**Stored records**

BEGIN

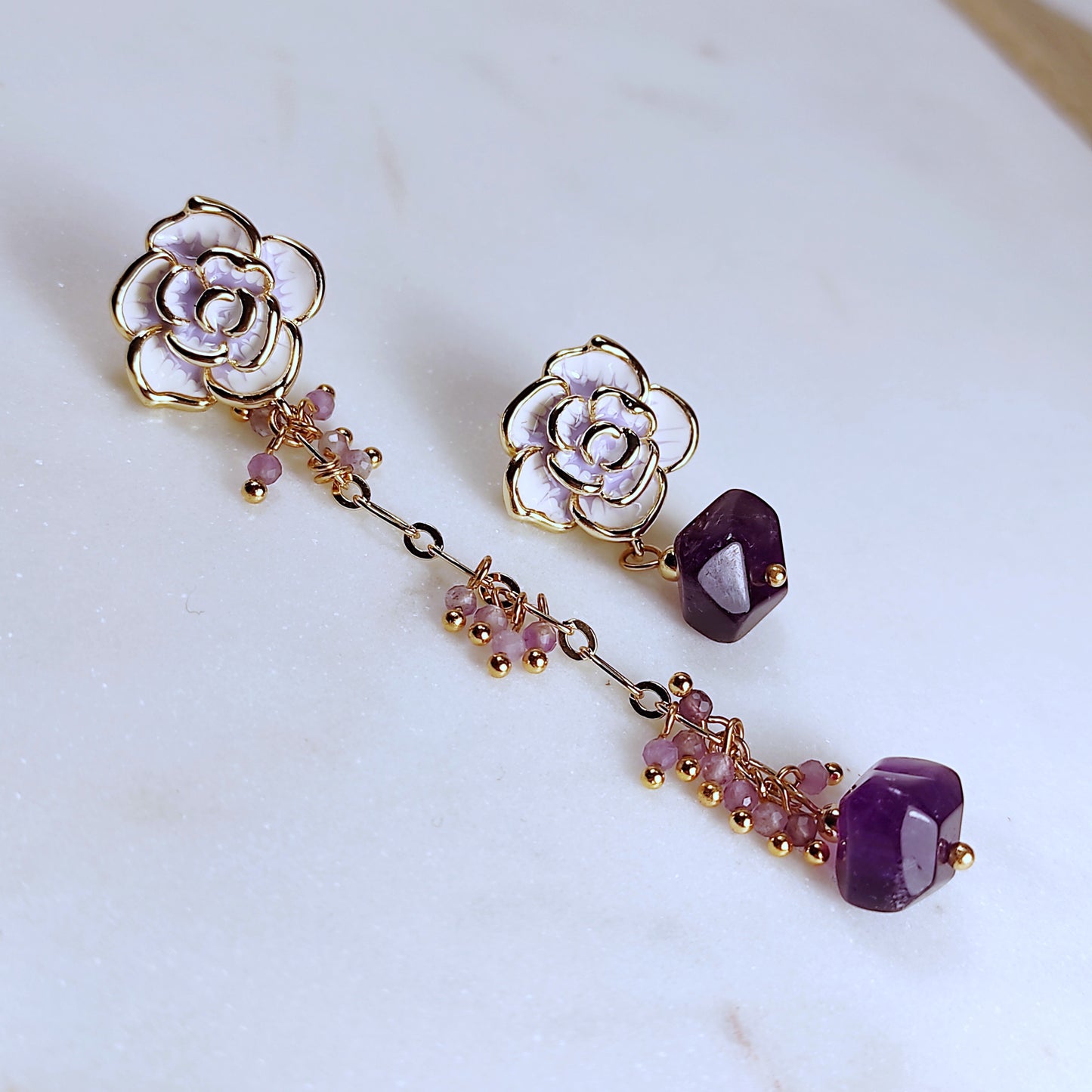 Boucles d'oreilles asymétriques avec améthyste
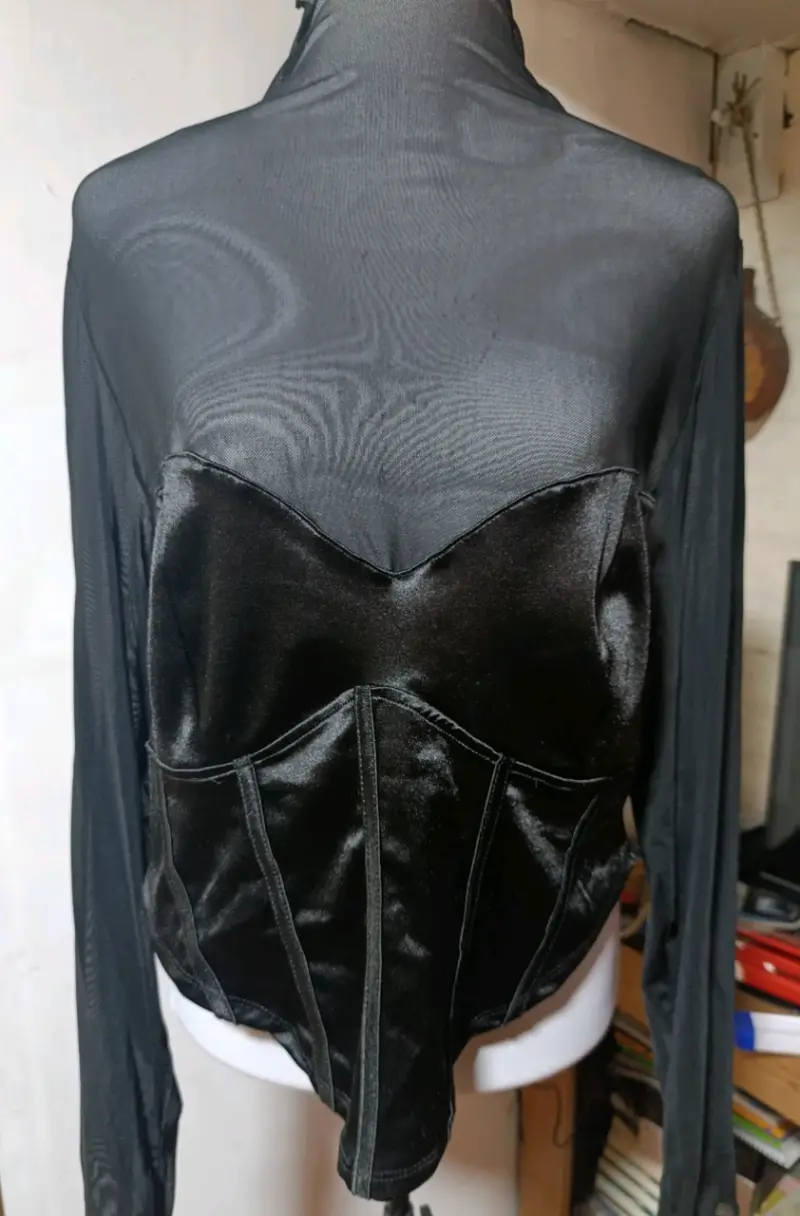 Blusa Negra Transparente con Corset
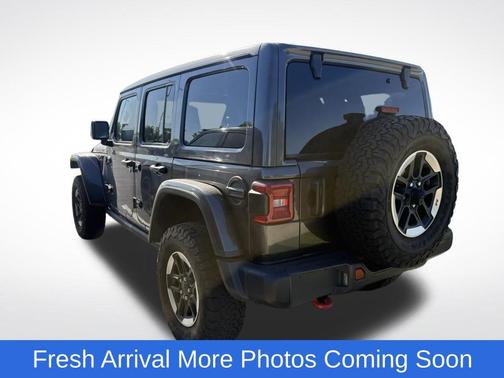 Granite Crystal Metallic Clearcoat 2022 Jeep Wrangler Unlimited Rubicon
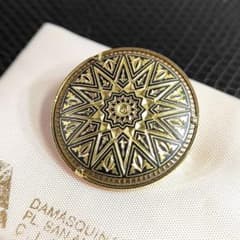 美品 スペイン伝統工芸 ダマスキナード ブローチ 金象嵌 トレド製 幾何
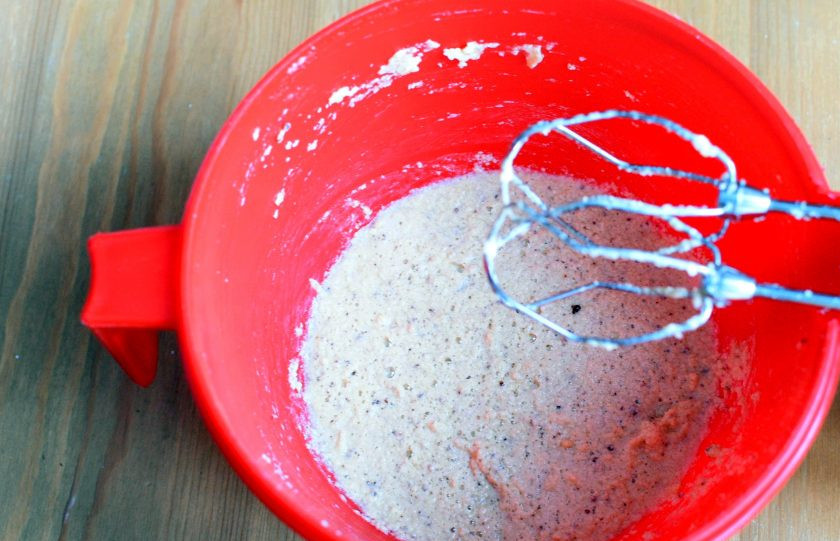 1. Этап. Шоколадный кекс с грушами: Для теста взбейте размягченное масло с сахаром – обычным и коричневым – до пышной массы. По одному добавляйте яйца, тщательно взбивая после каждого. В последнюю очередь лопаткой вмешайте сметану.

END

**Exercise instructions**
Please output each line above exactly and omit all images.

**Exercise response**
 Boucles d'oreilles asymétriques avec améthyste
 Blusa Negra Transparente con Corset
 Granite Crystal Metallic Clearcoat 2022 Jeep Wrangler Unlimited Rubicon
 美品 スペイン伝統工芸 ダマスキナード ブローチ 金象嵌 トレド製 幾何
 1. Этап. Шоколадный кекс с грушами: Для теста взбейте размягченное масло с сахаром – обычным и коричневым – до пышной массы. По одному добавляйте яйца, тщательно взбивая после каждого. В последнюю очередь лопаткой вмешайте сметану.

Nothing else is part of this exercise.